Zvi Rosen:  Yeah. So that’s a question that has really been important, and I will say Goldsmith, in particular, has been very careful to say, “We aren’t talking about that.” And Warhol is saying, “Oh, yes, you are, and look at your complaint.” And whether or not -- I don’t want to say who’s right or wrong there, but you have a specific concurrence of the Second Circuit, which I believe Judge Jacobs saying, “Just so you know, we’re just talking about the license to Condé Nast. We are not talking about use in museums.” The government also weighed in with their brief to say, “We believe that the use by Condé Nast is not a fair use, but we are not -- but we think that the use by museums and creation of the Prince Series, generally, may well be different.”


      Now, if a derivative work is lawfully made under copyright law, then it’d be publicly distributed under Section 109 in the copyright law. And so, if a student creation of a Prince Series was a fair use, and frankly, you assuming the Court—and I think they probably will—works the standard that differentiates between the licensing and the creation of the physical artworks, is not going to be that great. If the Court gives a mish mash or a very broad opinion, they absolutely could be substantial because if these works are not lawfully made under copyright law, you are violating the exclusive right of public display by displaying them. So, yes, I do think the Court is going to try to clarify that.

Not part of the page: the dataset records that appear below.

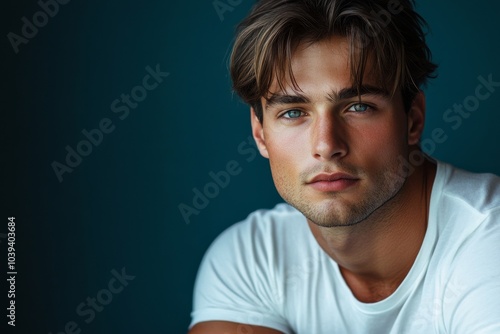 Handsome gay man posing in studio, Generative AI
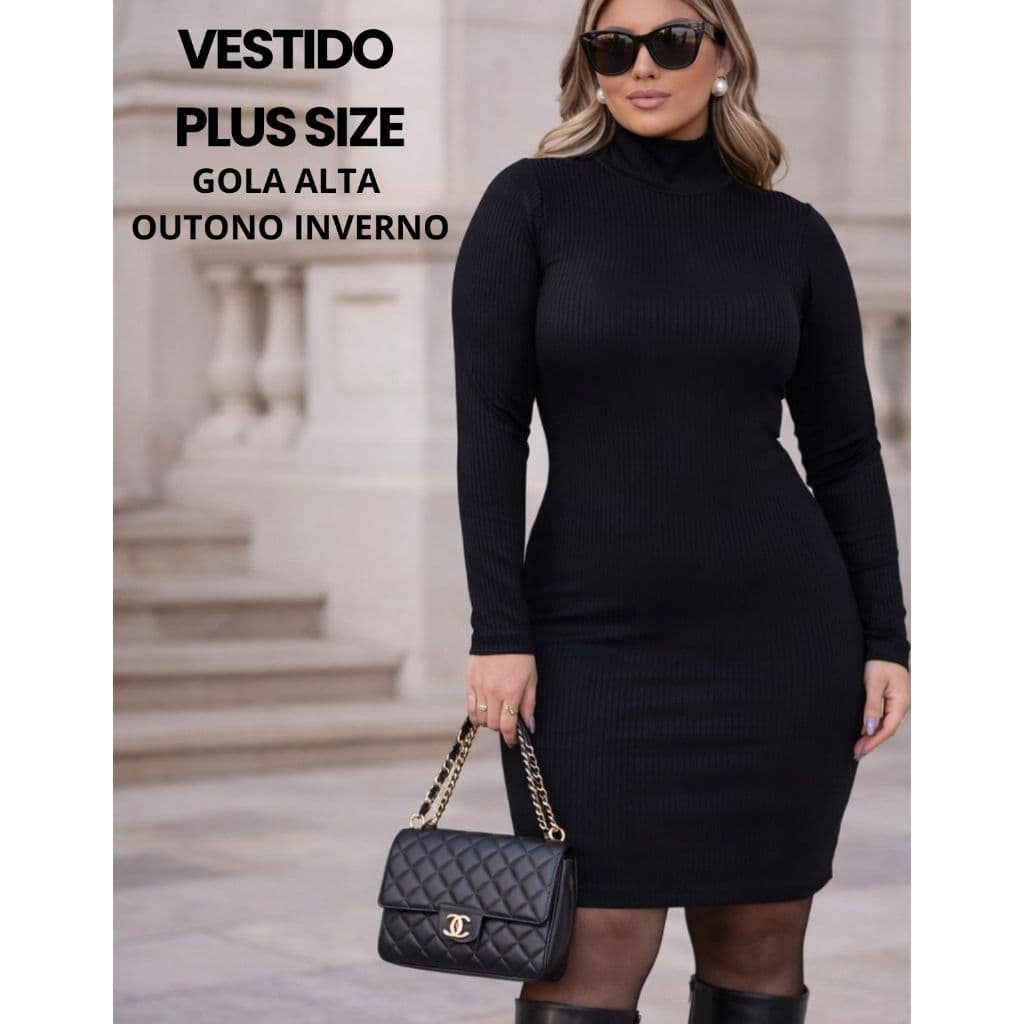 Vestido Plus Size Canelado Tubinho Curto Manga Longa Modelador Veste  G1 G2 G3 G4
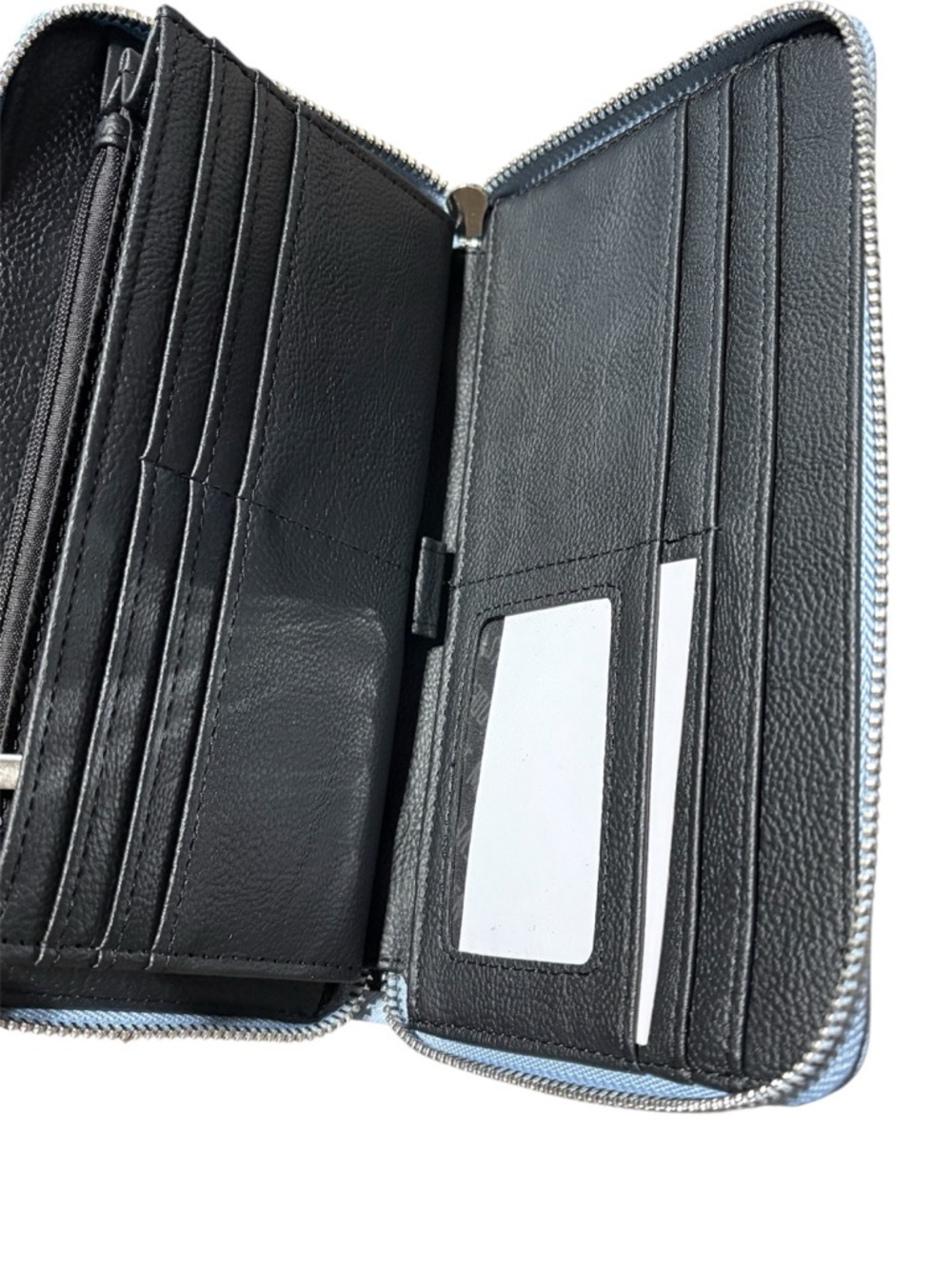Steve Madden Light Blue Zip Clutch with Silver Bar - Picture 7 of 10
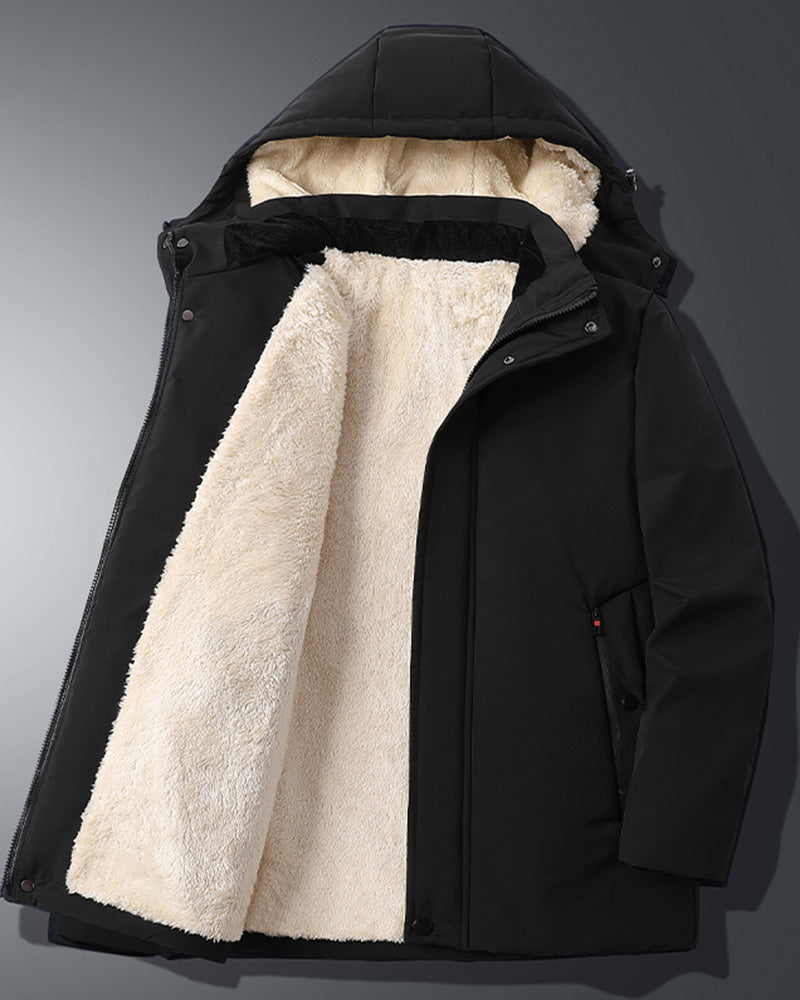 Solid Color Thickened Lamb Fleece Cotton-padded Jacket L-8XL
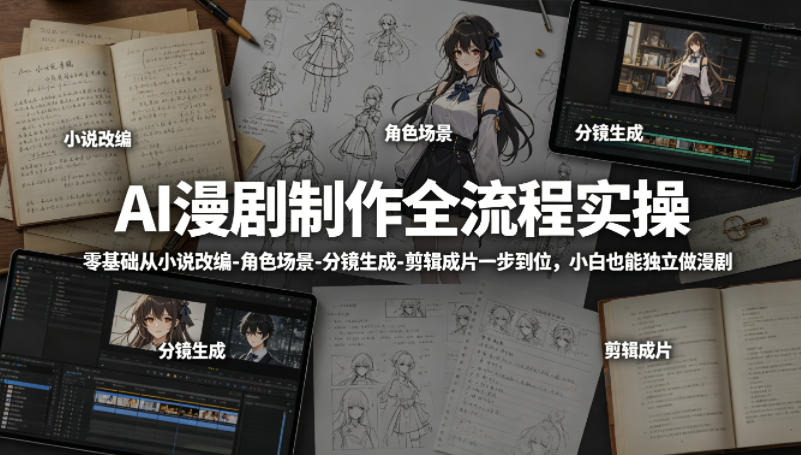 AI漫剧制作全流程实操，零基础从小说改编-角色场景-分镜生成-剪辑成片一步到位，小白也能独立做漫剧-资源后花园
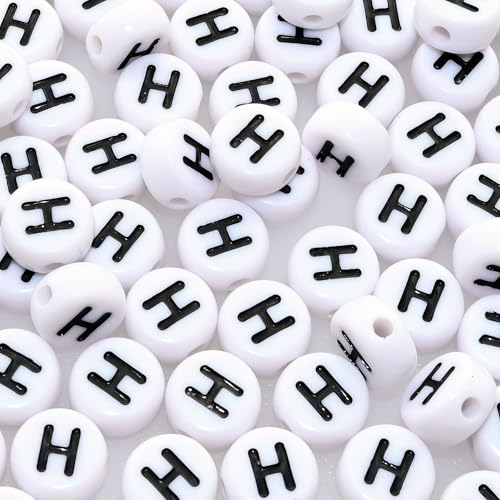 Amaney 100pcs H Letter Beads 7x4mm White Round Acrylic Black Alphabet for Bracelet Jewelry Making - color: H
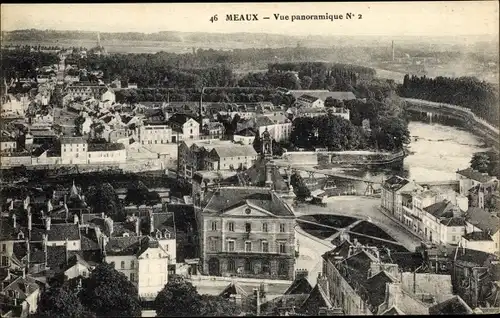 Ak Meaux Seine et Marne, Vue panoramique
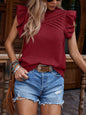 New style solid color top with ruffled sleeves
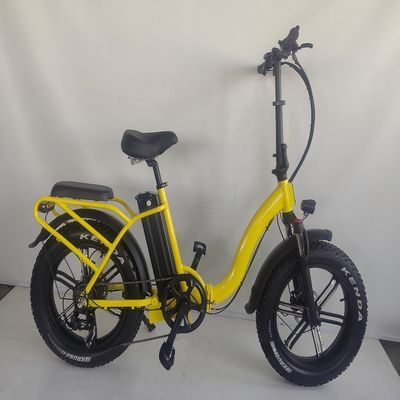 750W 48V E Bicicletta 20 pollici gomma gialla grassa Bicicletta elettrica per 31-60 km di autonomia per potenza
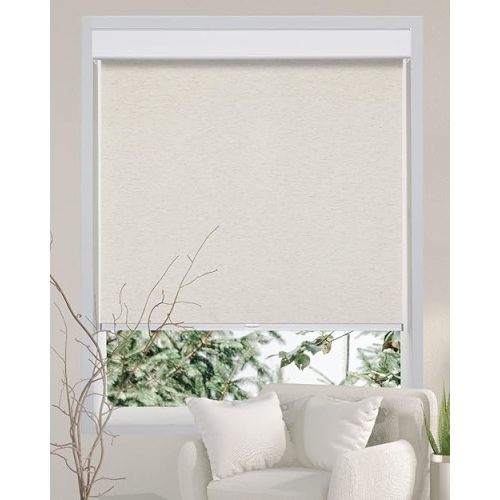 Persilux Light Filtering Blinds for Windows, Free-Stop Cordless Window Roller Shades (Cream 56"W x 72"H) Natural Woven UV Protection Privacy Roller Window Shades for Home, Living Room, Indoor Windows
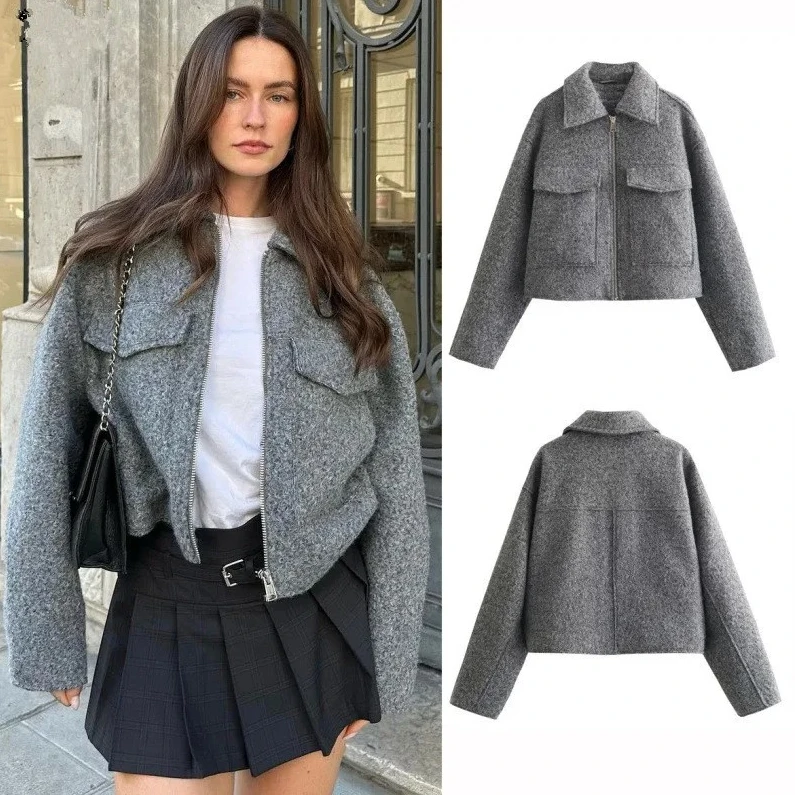 Autumn Winter Women New Crop Outerwears Vintage Tweed Jacket Fit Blazer CoatFashion Loose Long Sleeve Zip Female Jackets Chic
Autumn Winter Women New Crop Outerwears Vintage Tweed Jacket Fit Blazer CoatFashion Loose Long Sleeve Zip Female Jackets Chic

Jack Derwin:  All right. We have one more question in the queue for now. I’ll note one more time for our audience, you could submit using the Q&A button at the bottom right. So this last question is, “Any thoughts on why the Court rejected the Onion briefs?


Zvi Rosen:  I don’t think that was in this case. And I actually hadn’t heard they rejected it. I read that brief. It’s hilarious—really fun. But they did something like, in their -- I think it was the amicus brief, right? And they stated, “In trust of a parties and various statements and interests of the parties,” were parody. Like the Onion is a world-leading news publication with 4.3 billion subscribers. If the Court bounced it, it probably bounced it because even though it was obviously a parody—and I doubt they would sanction them—I guess the Court decided that -- save your fun for, and don’t put it in your briefs. That’s my guess. It’s a shame, honestly. Oh, if the [inaudible 31:55] rightly decided. I’m sorry. I’m sorry, Jack.


Jack Derwin:  No. No. Go ahead. Go ahead, if you’d like to address it.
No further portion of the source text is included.